Ho avuto la fortuna di vedere da vicino molti degli ingegni migliori di due generazioni. Quarant’anni fa, soprattutto in America, la filosofia e in generale le discipline umanistiche erano avvantaggiate dalla guerra fredda: l’Occidente si presentava come depositario della libertà di pensiero e di critica, i giovani erano attraversati da fermenti di rivolta e la discussione filosofica, e in generale umanistica, era molto popolare. Oggi le stesse discipline sono in ritirata: dominano il mercato e l’intrattenimento più becero. Ma la cosa non mi turba: la filosofia ha visto tempi ben peggiori, in cui i suoi praticanti erano torturati o bruciati al rogo. Occorre continuare nel proprio lavoro con convinzione e con rigore.
Filosofia e pensiero avanzano in modo sinergico. Non crede che con lo sviluppo informatico l’esercizio del ragionamento stia gradualmente sparendo a favore della semplice condivisione di idee e pareri che trovano più spazio e diffusione sui social network?
Ha detto bene: si ragiona sempre meno e si esprimono sempre più opinioni. Per usare termini greci, si passa sempre più dalla filosofia alla filodossia (dal greco dóxa: opinione). Per ragionare ci vuole tempo, e nel mondo contemporaneo di tempo ce n’è sempre meno. Siamo assediati dalle notizie, perlopiù superficiali. Quel che richiederebbe ore di riflessione è soffocato da stupidaggini a ciclo continuo, che non lasciano tregua.

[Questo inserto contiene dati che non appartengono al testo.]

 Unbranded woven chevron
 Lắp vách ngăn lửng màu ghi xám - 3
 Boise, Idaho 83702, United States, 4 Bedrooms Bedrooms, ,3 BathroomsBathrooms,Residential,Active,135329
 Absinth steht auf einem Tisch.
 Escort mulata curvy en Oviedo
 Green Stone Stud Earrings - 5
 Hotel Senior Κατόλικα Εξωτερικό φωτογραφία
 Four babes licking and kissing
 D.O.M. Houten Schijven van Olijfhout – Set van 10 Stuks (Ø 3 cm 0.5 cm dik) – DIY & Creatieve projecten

Se sempre di più qualcun altro ragionerà al nostro posto, il rischio principale non potrebbe essere una regressione della condizione dell’essere umano nel mondo? Come scongiurare questo rischio?
Ho parlato di questo rischio in un altro mio libro. Quando abbiamo demandato a macchine delle nostre funzioni, ne abbiamo gradualmente perso il controllo. È successo con la locomozione: una volta si camminava, oggi si va in macchina dappertutto. E può succedere con le macchine logiche, i computer che ci danno risposte immediate per ogni quesito e ci permettono di non ragionare più. La risposta a questa sfida, per me, può essere solo consapevole e umile: così come andiamo in palestra per svolgere attività fisiche altrimenti non richieste, dovremmo esercitarci costantemente in piccole pratiche di ragionamento. Nel mio libro do esempi di come farlo, basati su un programma che per cinque anni ho diretto alla Luiss di Roma.